Problem to work on » Find "Pasargad Home Modern" below and begin at its line; stop after the line with "Теракотени тапицирани трапезни". Output those lines exactly, without pictures.

----------

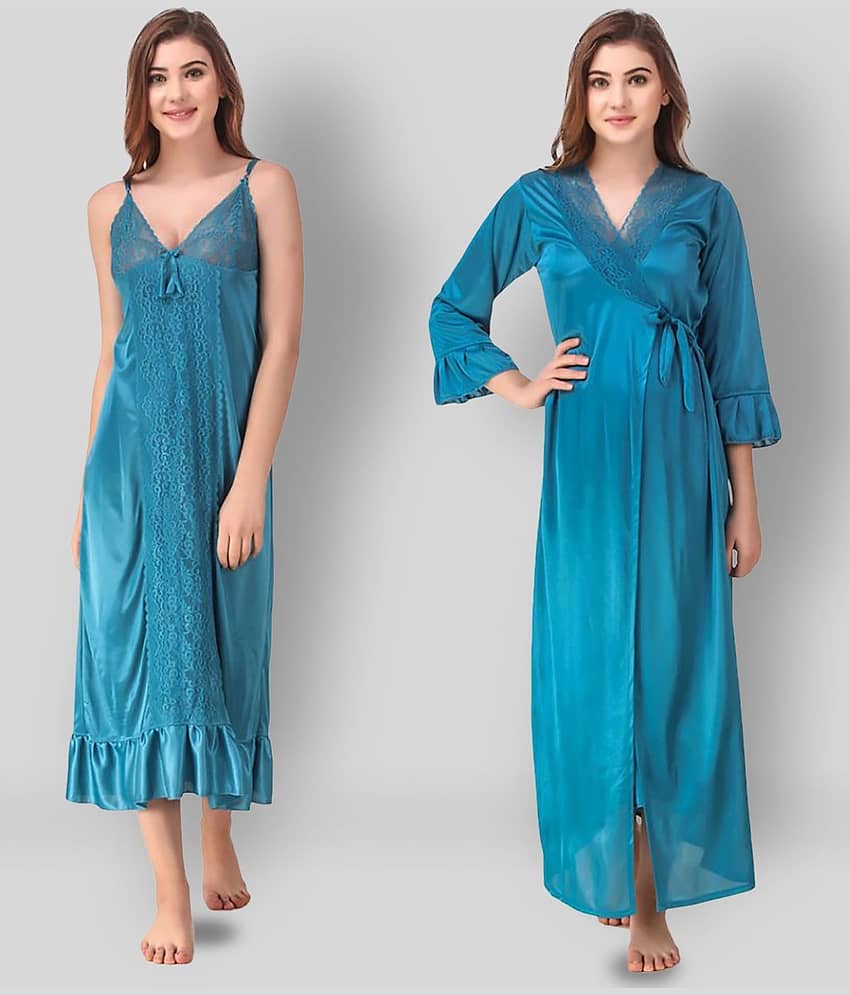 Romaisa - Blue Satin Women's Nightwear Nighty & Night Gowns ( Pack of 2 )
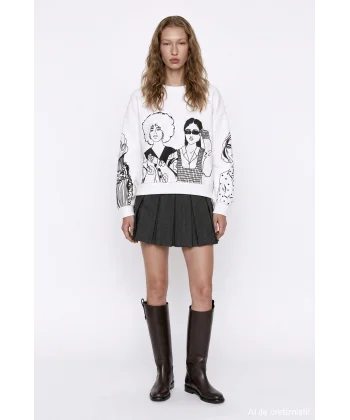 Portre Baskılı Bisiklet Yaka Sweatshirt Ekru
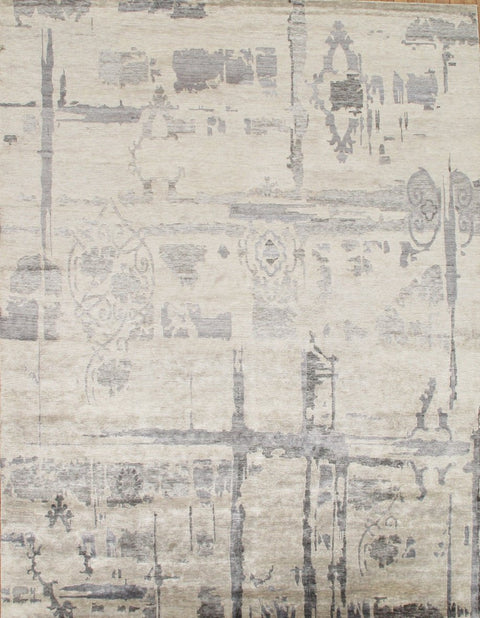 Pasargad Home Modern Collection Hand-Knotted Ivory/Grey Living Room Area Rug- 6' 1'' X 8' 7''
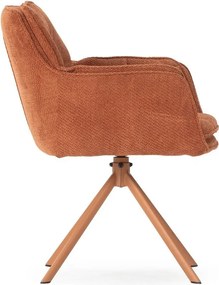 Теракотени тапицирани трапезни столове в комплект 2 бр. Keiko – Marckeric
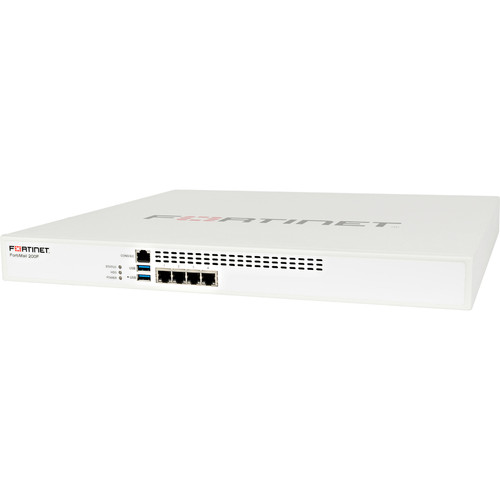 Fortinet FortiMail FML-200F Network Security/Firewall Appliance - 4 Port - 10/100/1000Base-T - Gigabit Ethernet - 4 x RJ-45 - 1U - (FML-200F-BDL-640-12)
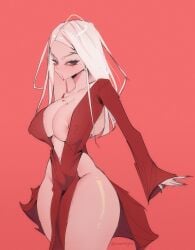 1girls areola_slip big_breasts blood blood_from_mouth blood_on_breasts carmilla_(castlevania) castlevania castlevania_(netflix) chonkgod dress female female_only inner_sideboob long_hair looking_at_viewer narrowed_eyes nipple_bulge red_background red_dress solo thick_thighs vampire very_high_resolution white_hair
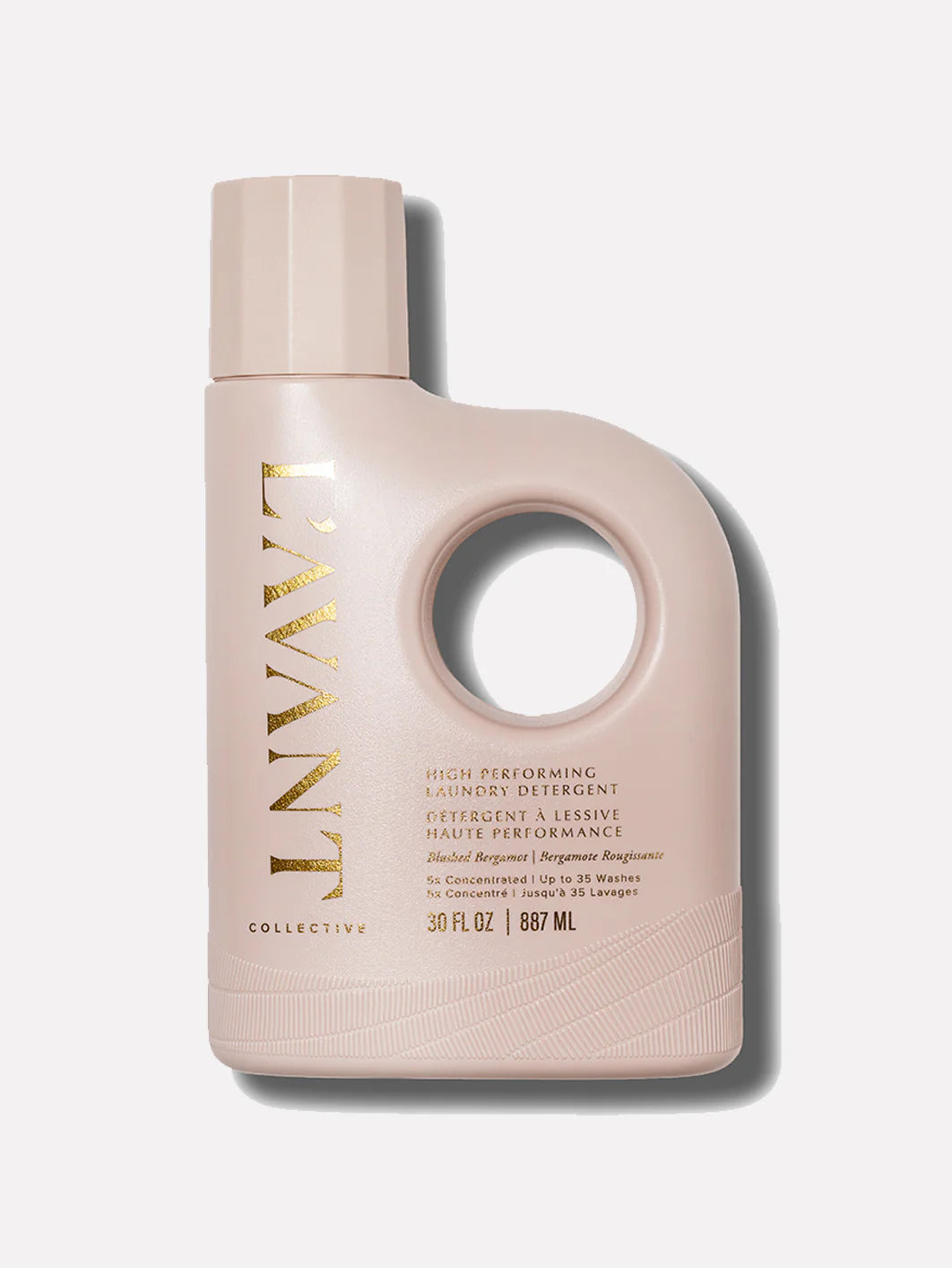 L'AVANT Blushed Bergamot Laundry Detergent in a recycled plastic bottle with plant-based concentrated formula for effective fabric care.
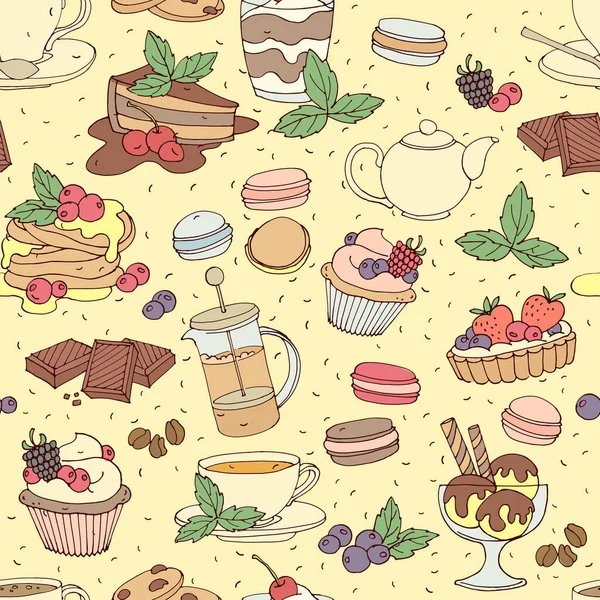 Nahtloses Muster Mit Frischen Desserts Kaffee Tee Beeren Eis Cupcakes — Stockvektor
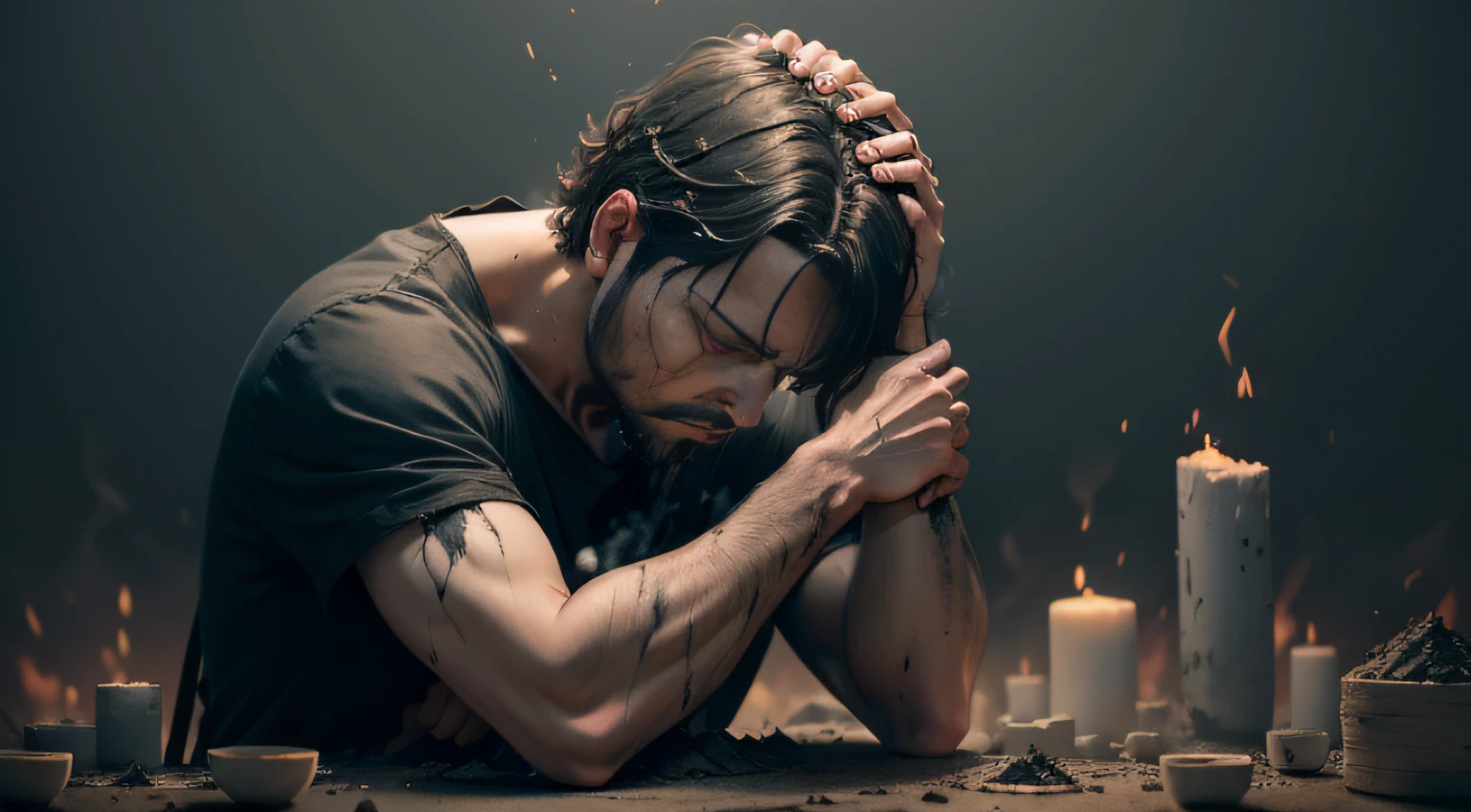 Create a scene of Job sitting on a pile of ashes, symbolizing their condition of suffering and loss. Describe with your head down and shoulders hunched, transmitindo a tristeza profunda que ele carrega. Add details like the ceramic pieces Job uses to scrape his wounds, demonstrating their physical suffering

----------

Expected answer »
 Pasargad Home Modern Collection Hand-Knotted Ivory/Grey Living Room Area Rug- 6' 1'' X 8' 7''
 Теракотени тапицирани трапезни столове в комплект 2 бр. Keiko – Marckeric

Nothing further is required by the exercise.